Over the county’s 39 municipalities, it’s the exceptions that stand out. Carnation and Newcastle are the only two whose zoning ordinance specifically points at the city’s Adult Entertainment rules for definitions. SeaTac and Maple Valley are the only two that don’t specify “areola of the female breast” in the zoning code, although both go on to gender the provision elsewhere. Nine cities — Algona, Duvall, Issaquah, Kenmore, Lake Forest Park, Milton, Normandy Park, North Bend, and Snoqualmie — only have adult entertainment defined in a specific provision of the business license title and defer entirely to that from the zoning ordinance.
Interestingly, Duvall does include a conspicuous ordinance limiting sexually-oriented business activity at Duvall Days, the city’s annual summer party. This sounds like a solution that comes from a VERY specific event. We have contacted the City of Duvall and will get back to you with what we hope is an interesting story.
The effect on the other 30 cities is that language is given the chance to drift as it’s copied across their code. Like Seattle and Kent, phrases that sound specific at first get altered when they show up elsewhere. It’s an imperfect game of telephone that takes away from the effectiveness of the ordinance as a whole. While vagueness can void a law, contradiction can too.
More broadly, nudity laws are some of the last holdouts of gendering in city codes. Every one of these ordinances include rules of construction that apply the law to include masculine and feminine gender (or other genders, as Seattle), unless inconsistent with the context. In almost every city, the nudity laws are the only provisions that specify “male” or “female” in the entire ordinance. At some point, every ordinance sexualized female breasts. These are also the only places in the ordinance that discuss sodomy. Washington repealed its anti-sodomy laws in the 1970’s, but the echoes continue getting called out in the zoning ordinances of most of its municipalities.

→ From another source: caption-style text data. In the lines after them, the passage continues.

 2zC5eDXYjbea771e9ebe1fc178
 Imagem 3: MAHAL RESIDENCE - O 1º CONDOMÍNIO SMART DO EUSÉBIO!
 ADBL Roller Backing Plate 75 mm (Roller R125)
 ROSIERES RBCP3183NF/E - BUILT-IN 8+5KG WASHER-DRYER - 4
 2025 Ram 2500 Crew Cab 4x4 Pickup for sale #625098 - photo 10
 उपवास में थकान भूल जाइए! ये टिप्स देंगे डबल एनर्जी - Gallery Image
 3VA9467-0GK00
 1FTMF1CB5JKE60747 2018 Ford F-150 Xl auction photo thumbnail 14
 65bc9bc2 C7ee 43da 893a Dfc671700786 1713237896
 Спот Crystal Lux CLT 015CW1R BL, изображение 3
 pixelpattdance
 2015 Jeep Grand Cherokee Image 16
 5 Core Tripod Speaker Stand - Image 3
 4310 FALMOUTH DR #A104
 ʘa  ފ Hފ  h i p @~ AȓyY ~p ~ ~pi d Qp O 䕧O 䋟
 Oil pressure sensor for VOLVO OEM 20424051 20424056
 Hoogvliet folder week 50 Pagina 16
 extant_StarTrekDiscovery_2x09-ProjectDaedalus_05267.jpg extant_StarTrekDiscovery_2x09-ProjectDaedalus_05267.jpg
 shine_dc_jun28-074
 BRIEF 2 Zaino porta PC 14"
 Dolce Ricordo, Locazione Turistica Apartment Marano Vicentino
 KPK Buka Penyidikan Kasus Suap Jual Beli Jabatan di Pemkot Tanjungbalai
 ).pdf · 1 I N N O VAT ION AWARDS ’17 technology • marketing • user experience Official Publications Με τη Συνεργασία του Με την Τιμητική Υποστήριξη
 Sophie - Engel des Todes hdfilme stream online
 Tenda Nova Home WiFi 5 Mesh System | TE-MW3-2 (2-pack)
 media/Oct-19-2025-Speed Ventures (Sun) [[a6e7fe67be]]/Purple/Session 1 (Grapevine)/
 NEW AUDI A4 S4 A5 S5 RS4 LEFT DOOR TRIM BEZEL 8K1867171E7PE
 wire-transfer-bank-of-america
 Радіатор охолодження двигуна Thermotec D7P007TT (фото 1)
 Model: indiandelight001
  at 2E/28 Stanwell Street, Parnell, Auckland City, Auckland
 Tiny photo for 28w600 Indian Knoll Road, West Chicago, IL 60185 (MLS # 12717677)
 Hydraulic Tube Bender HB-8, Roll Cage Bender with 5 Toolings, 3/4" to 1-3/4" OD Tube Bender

Should the cities decide it is time to unwind some of this breathless bedroom talk, they’re going to have more work than anticipated. Ordinances are a record of laws, but also of time and place. A lot of these terms may not be needed or preferred any more. But by repeating the same rules, a little different, lots of places across the ordinance, it makes the rules impossible to update when their time is over. These towns may want to relegate Specified Sexual Activities to the dark, but the ordinance has to exist in daylight. Which may or may not be legal for male areola in Seattle.
Ray Dubicki is a stay-at-home dad and parent-on-call for taking care of general school and neighborhood tasks around Ballard. This lets him see how urbanism works (or doesn’t) during the hours most people are locked in their office. He is an attorney and urbanist by training, with soup-to-nuts planning experience from code enforcement to university development to writing zoning ordinances. He enjoys using PowerPoint, but only because it’s no longer a weekly obligation.